Oleh : Syaifulloh
Setiap orang tua siswa memiliki harapan yang tinggi terhadap anak-anaknya agar menjadi anak yang soleh solihah dan memiliki nilai akademik yang tinggi agar bisa menjadi bekal utama sebagai jalan bagi kehidupan di dunia menuju akhirat.
Apapun bentuk manusianya sudah pasti memiliki kelebihan dan kekurangan, tinggal bagaimana memanipulasi keduanya agar bermanfaat pada perkembangan sebagai manusia beriman yang berguna bagi dirinya sendiri dan komunitas yang luas. Termasuk anak dengan gangguan autis juga memiliki kelebihan dan kekurangannya. Leo Kanner pada tahun 1943 memperkenalkan pertama kali Autisme berasal dari kata auto yang berarti menyendiri, maka kita akan mendapat kesan bahwa individu autisme itu seolah-olah hidup di dunianya sendiri.

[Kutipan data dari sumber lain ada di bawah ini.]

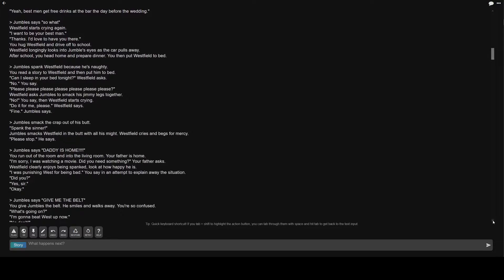Greater than Jumble's says Daddy is home. You run out of the room and into the living room. Your father is home. I'm sorry, I was watching a movie. Did you need something? Your father asks. I was punishing West for being bad. You say in an attempt to explain away the situation. Yes, sir. Okay.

Jadi, autisme merupakan suatu gangguan perkembangan yang kompleks menyangkut komunikasi, interaksi sosial, kognisi, dan aktivitas imajinasi. Gejala autisme mulai tampak sebelum anak berusia berusia tiga tahun. Bahkan pada autisme infatil gejalanya sudah ada sejak lahir.
Seseorang baru dapat dikatakan termasuk kategori Autisme, bila ia memiliki hambatan perkembangan dalam tiga aspek yaitu kualitas kemampuan interaksi sosial dan emosional, kualitas yang kurang dalam kemampuan komunikasi timbal balik, minat yang terbatas disertai gerakan-gerakan tanpa tujuan.
Para orang tua yang memiliki anak dengan indikasi seperti di atas ketika mendaftarkan anak di sekolah dasar harus memberikan informasi yang utuh kepada sekolah agar dapat menjadikan bahan dalam merancang program pendidikan individu bagi si anak. Gejala itu sudah terlihat sebelum usia tiga tahun.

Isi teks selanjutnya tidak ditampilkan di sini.